MATERIAL PROVIDED section start
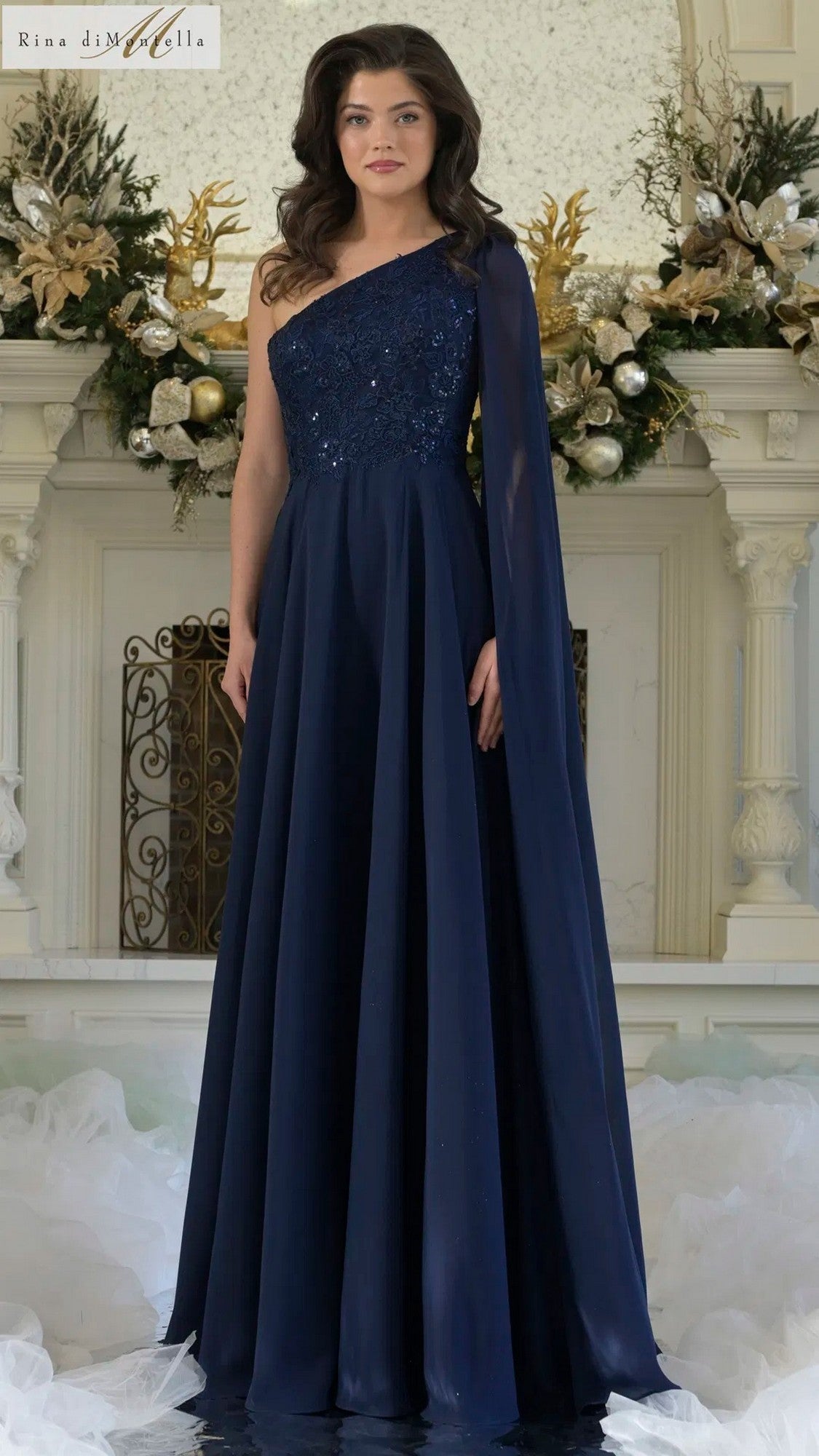 Rina di Montella RD3354 navy one-shoulder formal gown
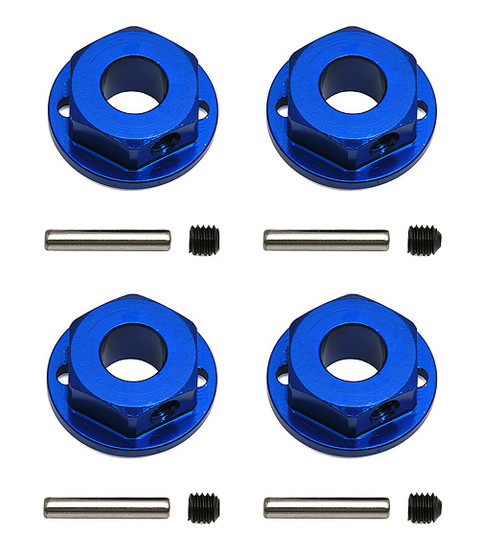4x4 FT Aluminum Wheel Hexes, blue - Associated Electrics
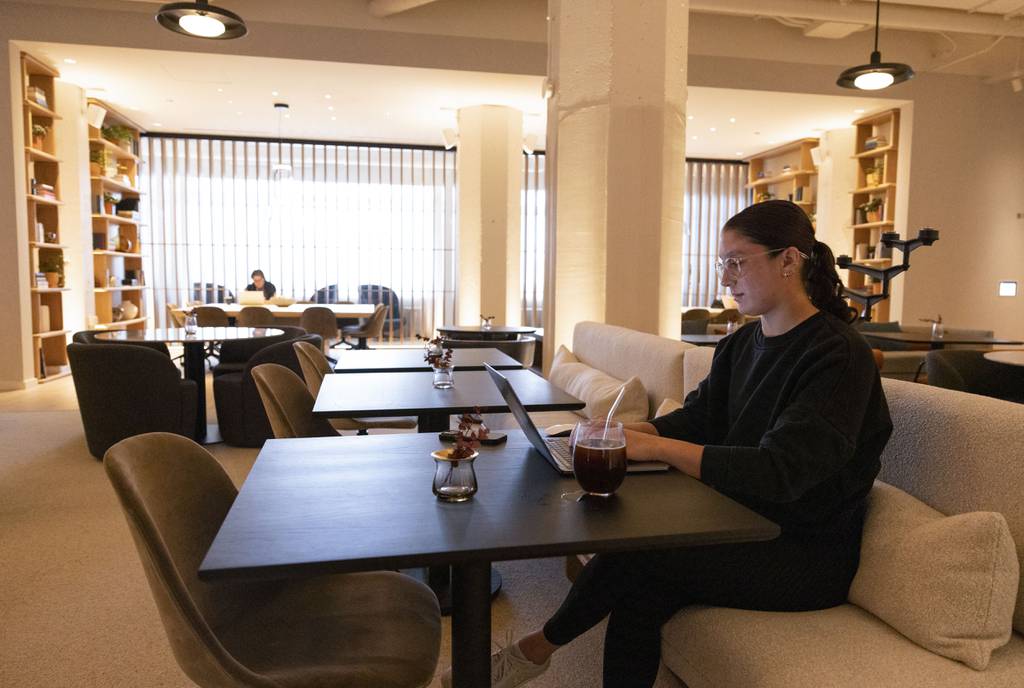 Kara Donato works in the new “elevated co-working space” at BIAN, a private wellness club in River North, on June 5, 2023. 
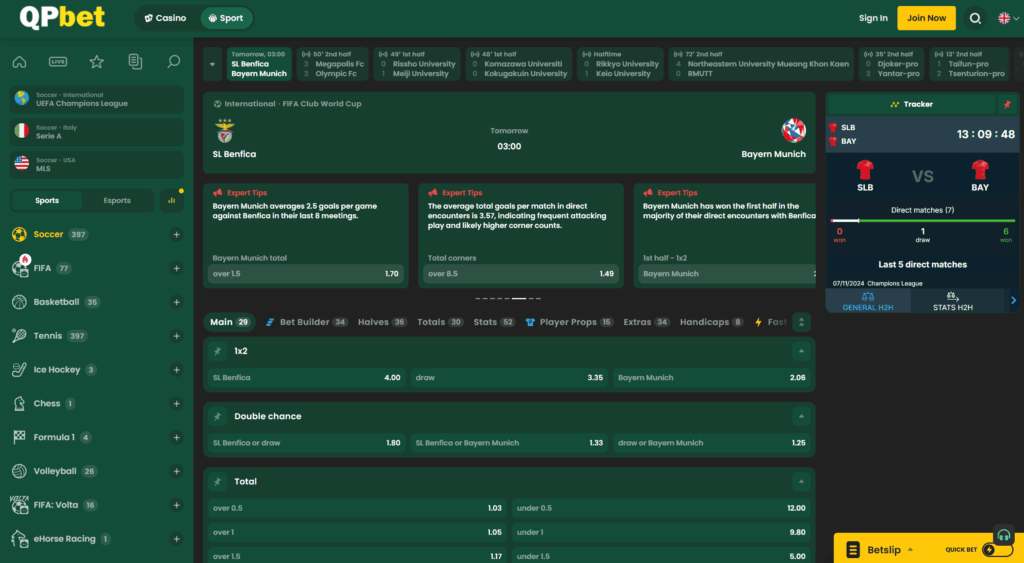 QPBET Sportsbook Odds Betting Screenshot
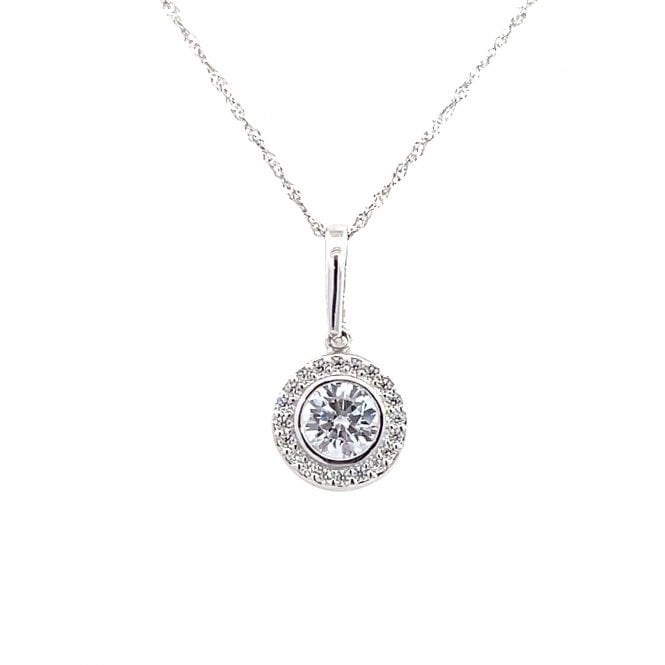 Faith 9ct Gold Faith 9ct White Gold Round Halo Necklace 9 x 9mm, 18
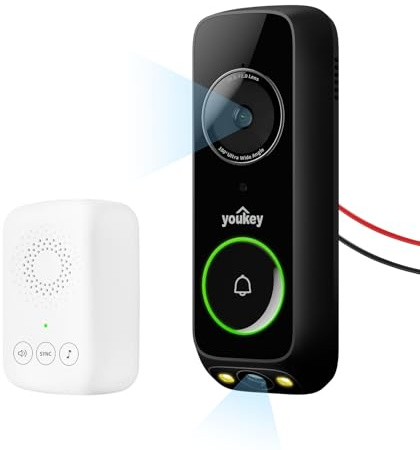 youkey Timbre inalámbrico de video con cámara dual, vista de pies a cabeza, timbre de batería 2K FHD con almacenamiento local sin tarifa mensual, detección de paquetes, WiFi de 5 GHz, compatible con
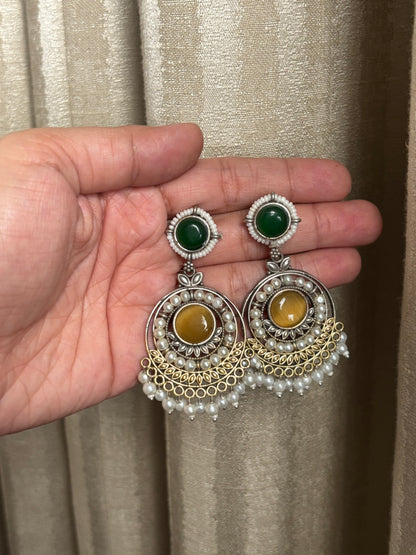 Priyali Green & Yellow Pearl Chandbali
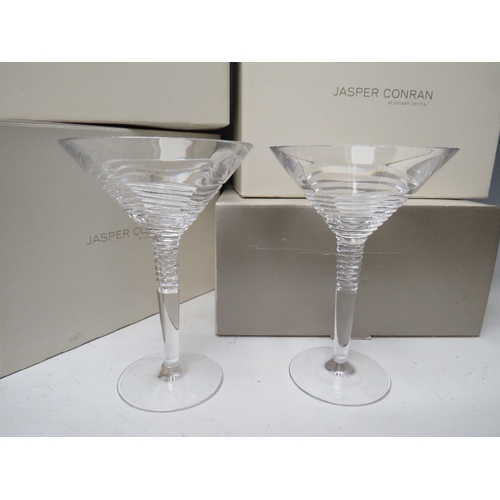 419 - EIGHT STUART CRYSTAL STRATA PATTERN MARTINI GLASSES DESIGNED BY JASPER CONRAN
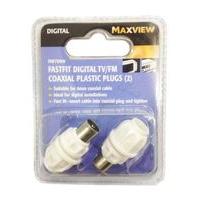 Pack Of 2 Fastfit Digital Tv Fm Coaxial Plastic Plugs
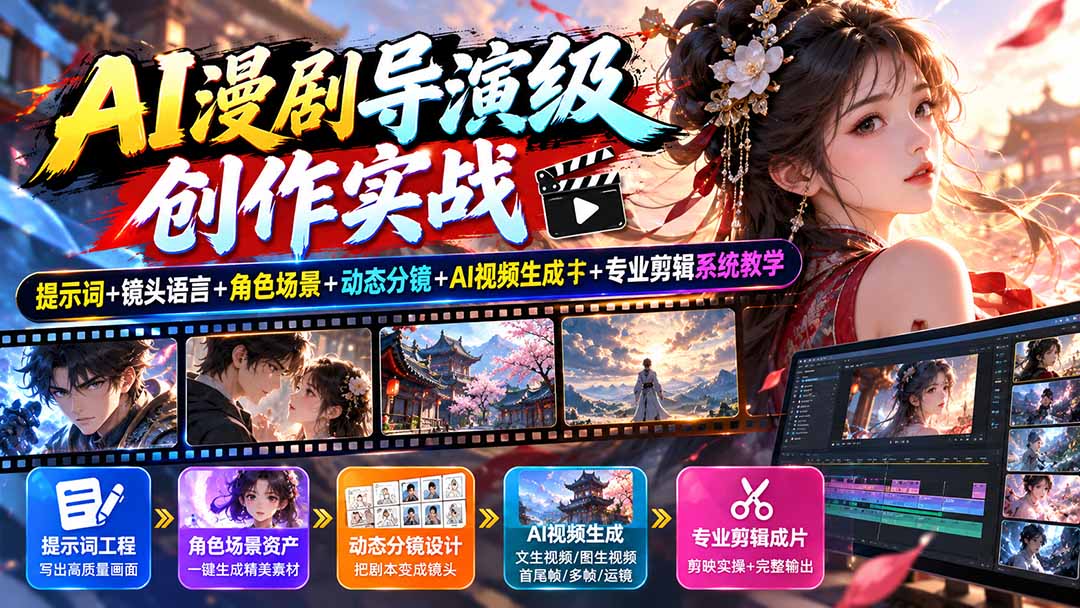 （20814期）AI漫剧导演级创作实战：提示词+镜头语言+角色场景+动态分镜+AI视频生成+专业剪辑系统教学-知创网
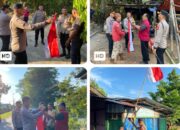 Gelorakan Semangat Kemerdekaan, Kapolres Bangka Barat Bagikan Bendera Merah Putih ke Warga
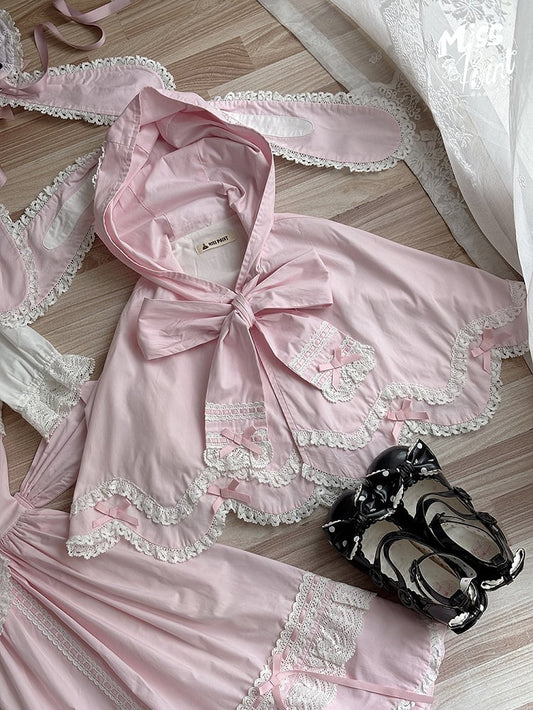 Ears Bunny Cape Pink Hooded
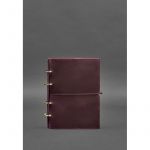 Кожаный блокнот А5 на кольцах (софт-бук) 9.0 в мягкой бордовой обложке, фото 1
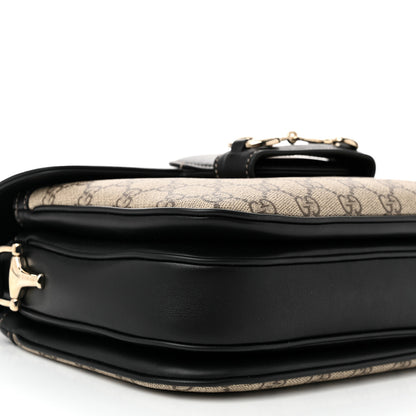 Gucci GG Supreme Monogram Horsebit 1955 Soft Small Shoulder Bag Beige Black 8 of 9
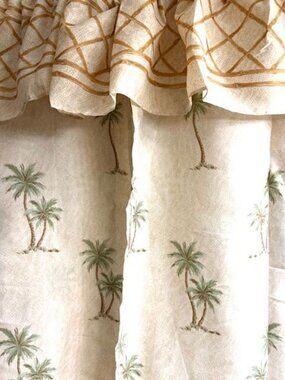 Springs Palm Tree Trellis Valance Center Open Shower Curtain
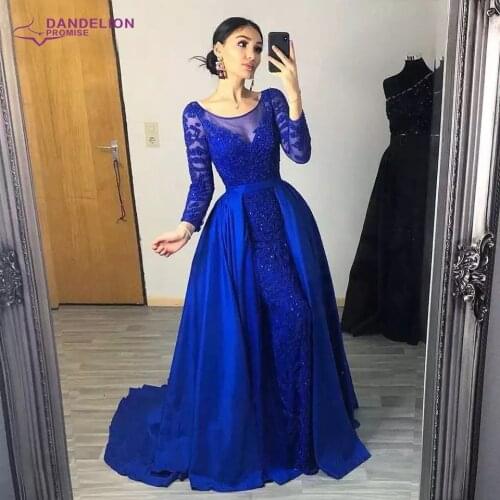 Luxury Mermaid Evening Dresses Emeradald 2020 with Detachable Train Long Sleeves Beading Crystal Handmade Formal Party Gowns
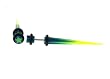 Fake Acrylic Taper - Blue, Green and Yellow with Green Star Logo - 16g Wire Stud - 6 Gauge - 41mm Length - Sold as a Pair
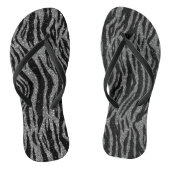 Zebra Print Black en Grey Silver Teenslippers (Voetbed)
MATERIAL PROVIDED section end
### ASSIGNMENT
Set down the lines from the one containing "Luxury Mermaid Evening" through the last line of the records above, both included, exactly as they appear and with no other text. Pictures should not be set down.

### RESPONSE
 Luxury Mermaid Evening Dresses Emeradald 2020 with Detachable Train Long Sleeves Beading Crystal Handmade Formal Party Gowns
 Fake Acrylic Taper - Blue, Green and Yellow with Green Star Logo - 16g Wire Stud - 6 Gauge - 41mm Length - Sold as a Pair
 Zebra Print Black en Grey Silver Teenslippers (Voetbed)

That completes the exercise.